Actually, there is a trick for efficiently solving problem 43, which is similar to an exercise from L. Ahlfors complex analysis (I don't have the actually exercise number on hand, but if someone asks, I will look it up and post it):
Since z^5 = 1, we have that 1 + z + z^2 + z^3 + 5z^4 + 4z^5 + 4z^6 + 4z^7 + 4z^8 + 5z^9 = 5 + 5z + 5z^2 + 5z^3 + 10z^4 = 5(1 + z + z^2 + z^3 + z^4) + 5z^4.
The trick is that, z(1 + z + z^2 + z^3 + z^4) = z + z^2 + z^3 + z^4 + z^5 = 1 + z + z^2 + z^3 + z^4.
Since z != 1, we conclude that we must have that 1 + z + z^2 + z^3 + z^4 = 0.
So we have 5(1 + z + z^2 + z^3 + z^4) + 5z^4 = 5*0 + 5z^4 = 5e^(8ip/5) = 5e^(3ip/5 + ip) = -5e^(3ip/5). Where p = pie.

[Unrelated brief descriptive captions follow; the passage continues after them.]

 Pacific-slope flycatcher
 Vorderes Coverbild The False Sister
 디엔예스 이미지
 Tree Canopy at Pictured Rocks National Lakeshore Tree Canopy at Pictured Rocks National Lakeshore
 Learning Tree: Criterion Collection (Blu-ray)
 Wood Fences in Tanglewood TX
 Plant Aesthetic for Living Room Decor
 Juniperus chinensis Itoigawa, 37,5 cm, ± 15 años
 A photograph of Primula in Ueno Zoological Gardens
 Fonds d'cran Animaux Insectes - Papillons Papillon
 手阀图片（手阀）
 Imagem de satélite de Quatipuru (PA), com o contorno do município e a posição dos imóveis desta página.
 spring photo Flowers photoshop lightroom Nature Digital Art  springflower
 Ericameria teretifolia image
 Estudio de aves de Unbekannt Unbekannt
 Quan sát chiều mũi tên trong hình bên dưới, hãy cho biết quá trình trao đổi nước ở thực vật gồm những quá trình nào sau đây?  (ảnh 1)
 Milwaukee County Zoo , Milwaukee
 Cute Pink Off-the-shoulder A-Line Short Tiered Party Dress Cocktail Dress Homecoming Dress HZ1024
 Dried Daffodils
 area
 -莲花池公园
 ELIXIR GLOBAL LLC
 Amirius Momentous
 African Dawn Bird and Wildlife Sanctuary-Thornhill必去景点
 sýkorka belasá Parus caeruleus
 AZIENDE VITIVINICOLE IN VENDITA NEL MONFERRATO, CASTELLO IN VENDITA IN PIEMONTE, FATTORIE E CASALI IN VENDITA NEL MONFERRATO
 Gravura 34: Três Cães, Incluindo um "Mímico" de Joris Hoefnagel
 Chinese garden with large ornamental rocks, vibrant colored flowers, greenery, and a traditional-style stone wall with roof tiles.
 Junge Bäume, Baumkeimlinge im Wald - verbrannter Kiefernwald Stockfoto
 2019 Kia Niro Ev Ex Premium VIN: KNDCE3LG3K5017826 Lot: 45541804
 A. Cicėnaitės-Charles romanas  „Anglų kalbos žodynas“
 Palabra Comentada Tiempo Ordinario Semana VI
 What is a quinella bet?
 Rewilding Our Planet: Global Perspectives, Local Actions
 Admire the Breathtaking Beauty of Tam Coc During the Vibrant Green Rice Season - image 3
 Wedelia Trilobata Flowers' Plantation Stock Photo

I dont know if that's what you had in mind, or if it is common enough to not consider it as a trick, but that's what I had in mind when I first came across the problem. However, by the construction of the problem, it seems apparent that they were looking for something like this.